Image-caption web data
* * * *
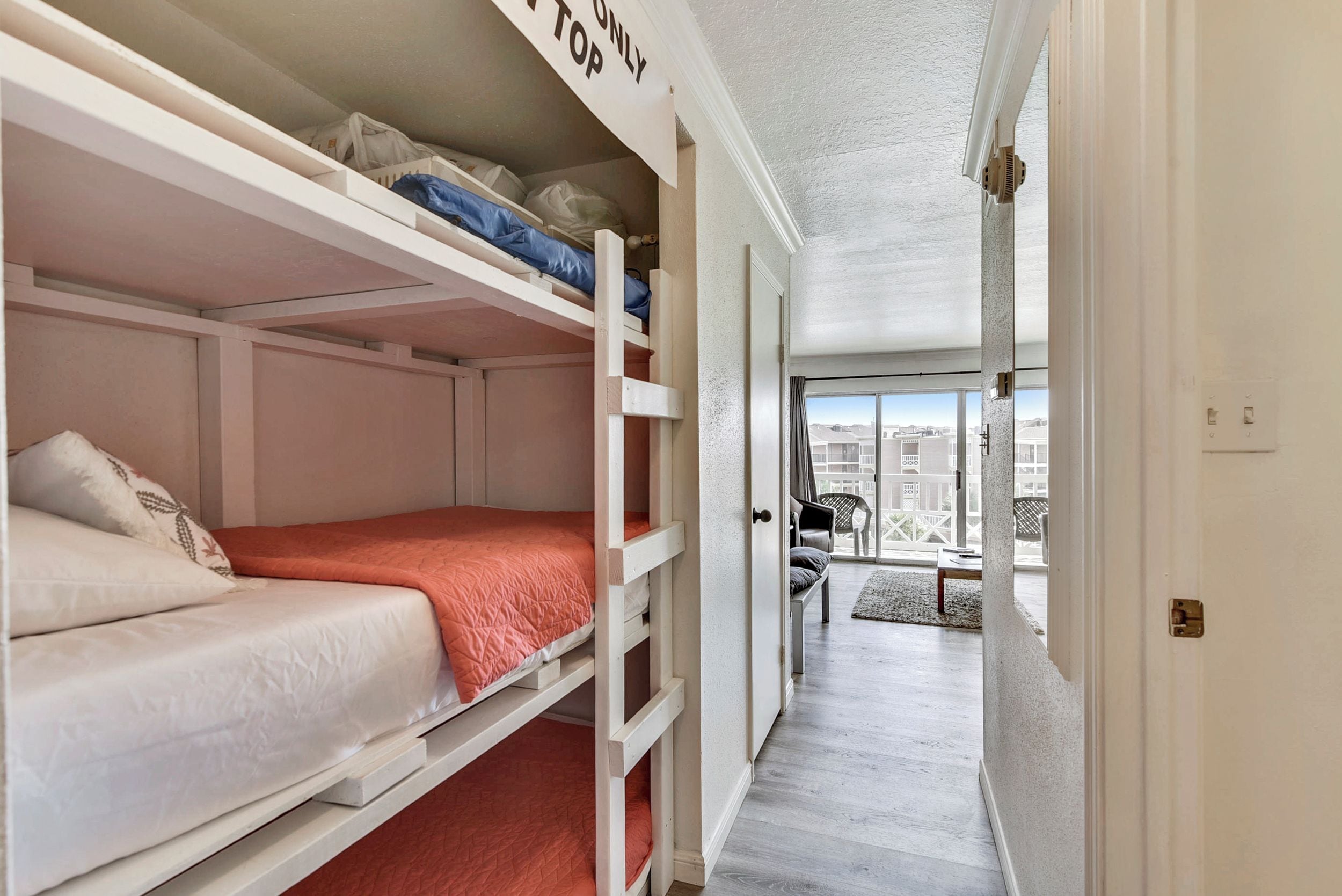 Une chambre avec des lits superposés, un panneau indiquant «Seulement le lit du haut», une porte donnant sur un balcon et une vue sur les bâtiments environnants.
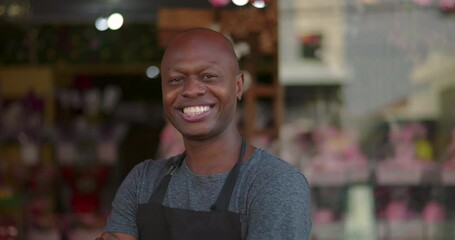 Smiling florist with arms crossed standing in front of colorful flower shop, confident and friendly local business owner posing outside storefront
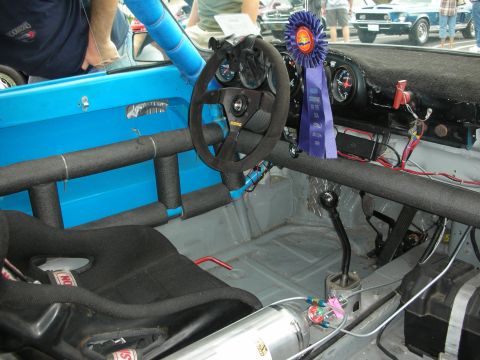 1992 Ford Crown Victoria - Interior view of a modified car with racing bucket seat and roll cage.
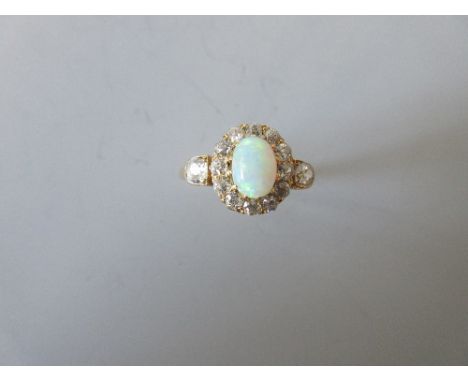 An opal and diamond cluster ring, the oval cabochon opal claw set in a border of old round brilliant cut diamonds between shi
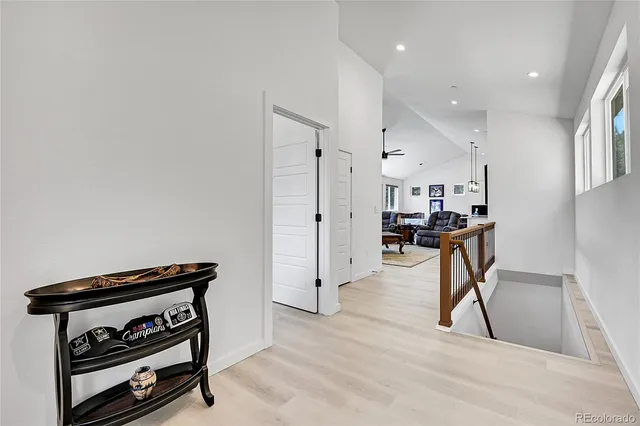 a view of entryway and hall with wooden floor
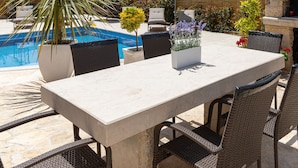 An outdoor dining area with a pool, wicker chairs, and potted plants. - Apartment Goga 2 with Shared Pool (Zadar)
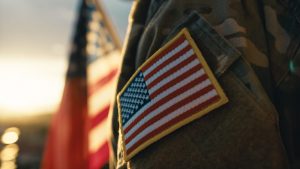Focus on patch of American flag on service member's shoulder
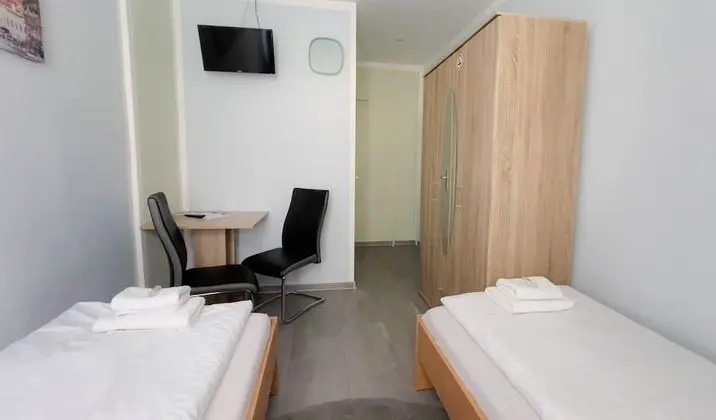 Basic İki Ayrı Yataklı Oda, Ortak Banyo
* * * *
Your output should consist solely of the lines from the line containing "Focus on patch" through the last line of the entries, verbatim, minus any pictures.

Focus on patch of American flag on service member's shoulder
 Basic İki Ayrı Yataklı Oda, Ortak Banyo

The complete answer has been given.